Monday, Jul. 07, 1958

"Wasters & Spenders"

Democratic Congressman Otto Ernest Passman, wholesaler of restaurant equipment from Monroe, La., let his temper shoot up past the broiling point a while before dinner one day last week. The "wasters and spenders," he charged broadly, had leaked to reporters the news that his subcommittee was cutting even worse than usual upon this year's Administration proposals for foreign aid.

Louisiana's Passman was piqued at the leak because, he said, it would give "top-echelon people downtown more time to conduct their unprecedented pressure campaign for more money." Translation: he had hoped to sneak the cuts through the full Appropriations Committee next day, before the Eisenhower Administration got a chance to renew its all-out fight for an adequate aid program.

Passman showed who was boss next morning (his 58th birthday), when the full committee voted down two attempts to restore specific cuts. In a final nose-thumbing, the committee chopped the appropriation for the Administration's imaginative Development Loan Fund from a requested $625 million all the way down to $300 million. By the time the committee got through with its report for the House, the military and economic-aid appropriation had been cut to $3,078,000,000--a dangerous fall from the $3,950,092,000 in the original Administration plan and a serious slip below the $3,675,592,500 which the House itself, in an authorization bill that counts as a declaration of general intent, passed.
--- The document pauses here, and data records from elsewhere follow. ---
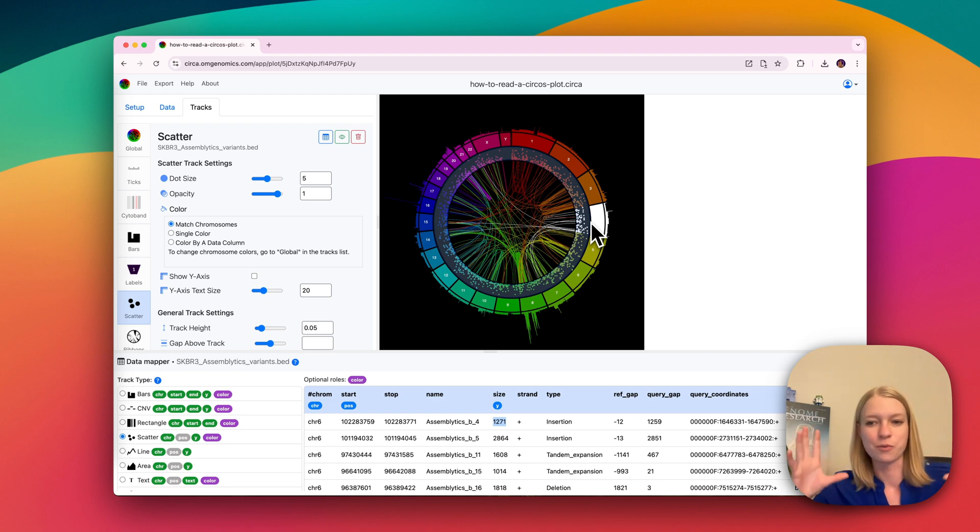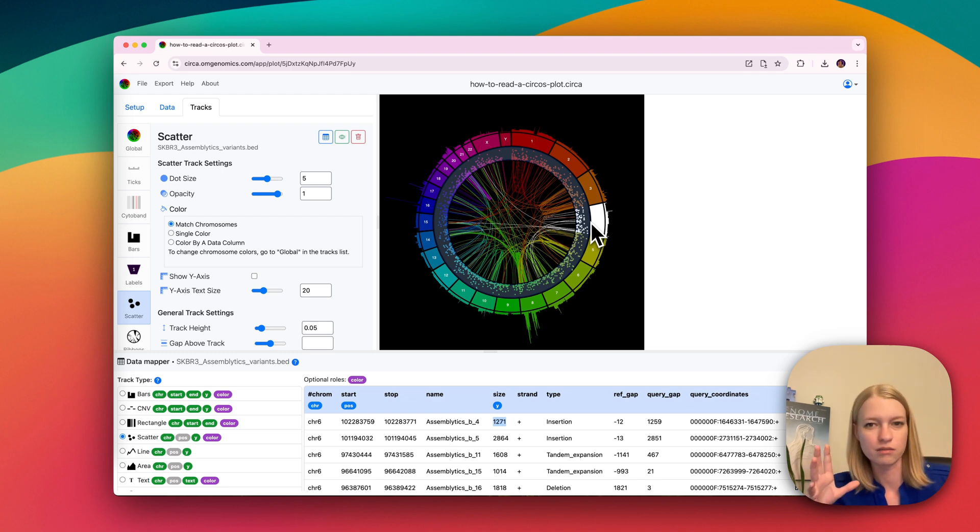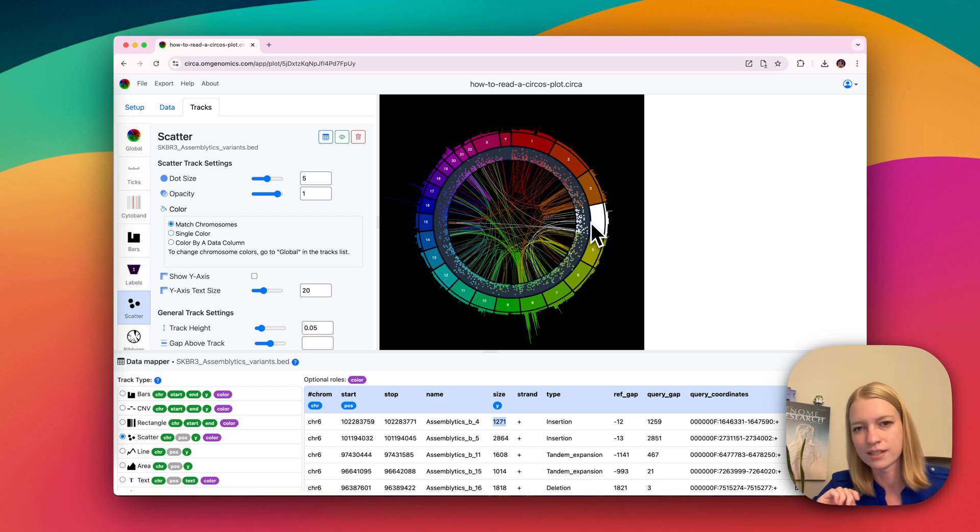But because this is a radial coordinate system, it just looks a little different, but I think it's pretty easy to wrap your head around nonetheless.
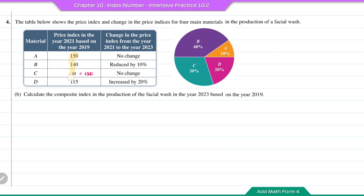From the table, the first column gives the price index in the year 2021 based on 2019, and the second column gives the price index in 2023 based on 2021. For material A: no change, so index is 100. For material B: reduced by 10%, so index is 90. For material C: no change, index is 100. For material D: increased by 20%, so index is 120.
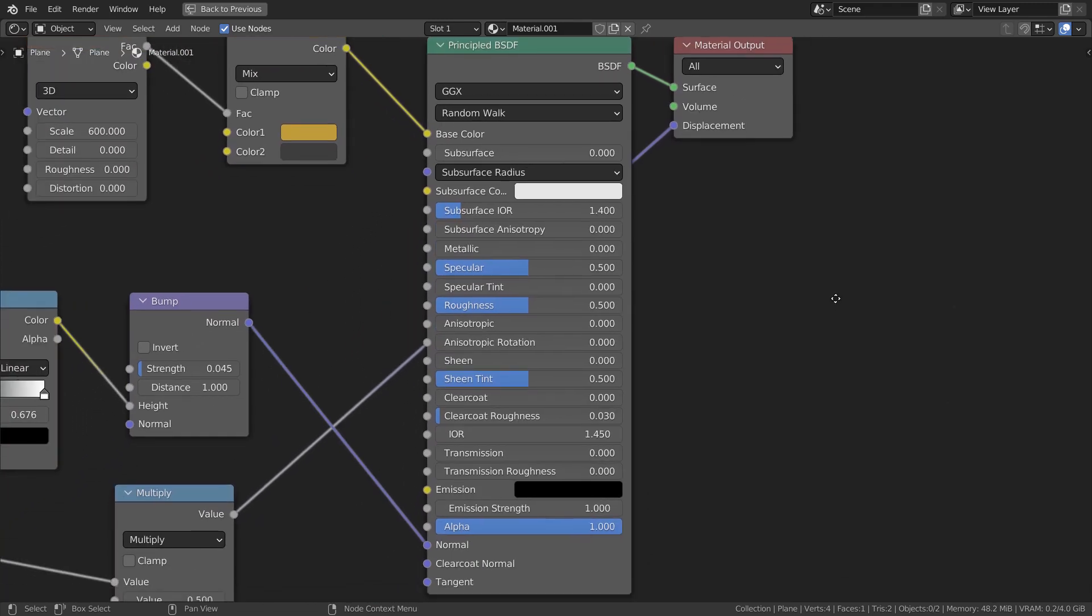The texture node based material will work well if we connect a texture node directly to the displacement node and use cycles.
The Administration, which gets another chance to count votes when the appropriation goes on the House floor and again in the Senate's Passman-free and wiser committee, kept right on fighting. "Just as it takes ammunition to fight and win a war," said the President in a quick response to the committee's action, "it takes mutual resources and sacrifices to win peace."

In Congress last week:

P: Both houses passed and sent to the President a tax bill that extends corporate income taxes and excises at present levels, generally in line with the Administration's hold-the-line policy against tax cuts. Single exception: repeal of federal taxes on air, truck, railroad and other freight transportation, a compromise to head off the Senate's demand for a repeal of a broad range of transportation taxes (TIME, June 30).

P: The House passed (348-2) and sent to the Senate a bill to give sick railroaders another couple of pep pills by 1) providing Federal Government guarantees for private loans to rail companies for maintenance and improvement, and 2) letting the ICC, rather than state boards, pass on discontinuance of money-losing services, such as commuter trains that run nearly empty.

P: The House defeated by a resounding 214 (162 Republicans, 52 Democrats) to 171 (21 Republicans, 150 Democrats) the House Agriculture Committee's wild, catchall farm bill to expand subsidies by raising price props and tightening production controls on milk, corn and grain, sorghums. Cheered Agriculture Secretary Ezra Taft Benson: "A vote of confidence in ... those who are dedicated to returning American agriculture to a sound basis."

P: The Senate debated the House-cleared Alaska statehood bill with fitful, windy opposition by antistatehood Southern forces; two test votes, one calling for commonwealth status, the other based on a constitutional point of order, were soundly defeated (50-29, 53-28), thereby paving the way for a final vote--and Alaskan victory--this week.